By Shu-Mei Shih | Go to book overview

CHAPTER 4
The Libidinal and the National
The Morality of Decadence in
Yu Dafu, Teng Gu, and Others

Now I can understand the meaning of the word death. Death is pleasurable, death is grand. Justice for the oppressed lies in the word death. When I die, I return this entirely unfree soul to its original state of freedom.

GU ZONGQI (1923)

Life is but the crystalization of sadness and bitterness. I do not believe that happiness exists. People accuse me of being a decadent, a hedonist, but they do not know the reasons behind my pursuit of wine and sex. Ah, waking up from deep drinking on a clear night, looking at the money-bought body sleeping near my chest, my melancholy and my laments are many times deeper and more painful than those of the selfappointed moralists.

YU DAFU (1923)

I wanted to make another confession before dying of starvation and repeating Goethe's dying words: “Mehr Licht! … Mehr Licht!”

YU DAFU (1931)

In 1923, Yu Dafu (1896–1945) wrote approvingly of the phenomenon of premature death among British decadent writers as a symbol of their thorough rebellion against a civilization built upon notions of conventional morality.
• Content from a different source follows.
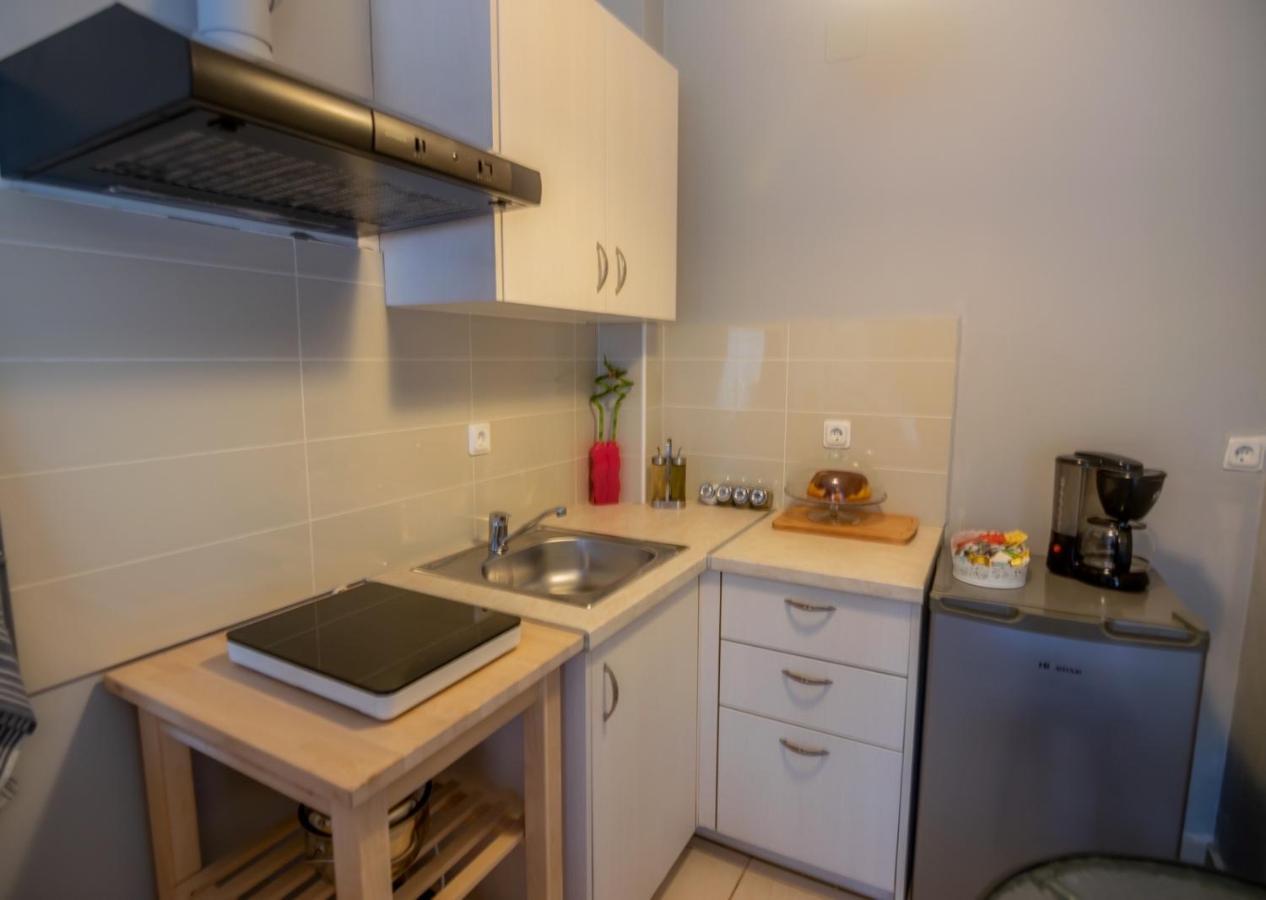 To Mikro Boutique Apartment Λευκάδα Εξωτερικό φωτογραφία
He noted that the decadent illustrator Aubrey Beardsley (1872–1898) was consumed by tuberculosis at age twenty-six; Ernest Dowson (1867–1900) died of alcohol abuse at thirty-three; and John Davidson (1857–1909) committed suicide.1 Little did he realize at the time that several Chinese writers who embraced the decadent style in writing, sometimes

____________________
1
“Writers Gathered around The Yellow Book” (Jizhong yu Huangmianzhi de renwu), in Collected Writings of Yu Dafu (Yu Dafu wenji) (Hong Kong: Sanlian shudian, 1983), 5:169–188.